Il corpo estraneo scoperto sette mesi dopo

La presenza della garza sarebbe stata accertata soltanto sette mesi dopo le dimissioni della paziente. Una TAC addominale avrebbe infatti evidenziato una raccolta nelle pelvi riconducibile alla presenza del corpo estraneo. A quel punto la donna è stata sottoposta a un nuovo intervento chirurgico con laparotomia e toilette addominale. Durante l’operazione i chirurghi hanno estratto un frammento di garza chirurgica di circa 10 per 4 centimetri, dotato di filo di repere radiopaco e con margini sfrangiati, oltre a una raccolta saccata di circa cinque centimetri.

Dolori e nuovi interventi chirurgici

Nei mesi successivi alla prima dimissione, la paziente aveva lamentato dolori addominali persistenti, perdite vaginali e diffuse sofferenze fisiche.

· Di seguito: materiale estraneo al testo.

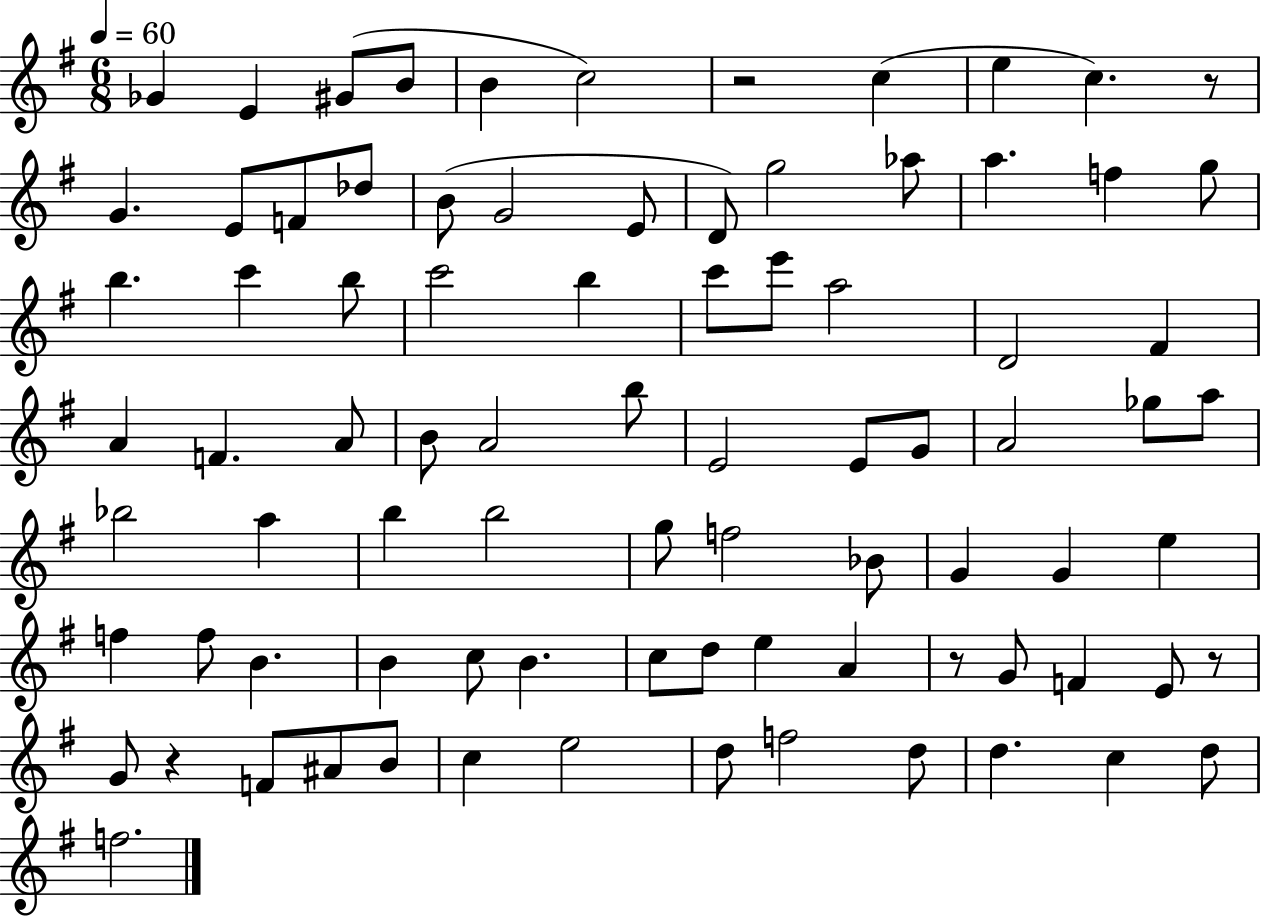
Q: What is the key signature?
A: G major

Secondo quanto ricostruito in sede giudiziaria, la presenza della garza avrebbe provocato occlusioni e lacerazioni interne che hanno reso necessari ulteriori interventi chirurgici, con conseguenze permanenti per la donna.

La decisione del Tribunale

Il Tribunale civile di Siracusa ha riconosciuto la responsabilità contrattuale dell’Asp per inadempimento delle obbligazioni sanitarie e per la violazione, da parte del personale infermieristico, degli obblighi di legge relativi al conteggio e alla verifica del materiale utilizzato in sala operatoria.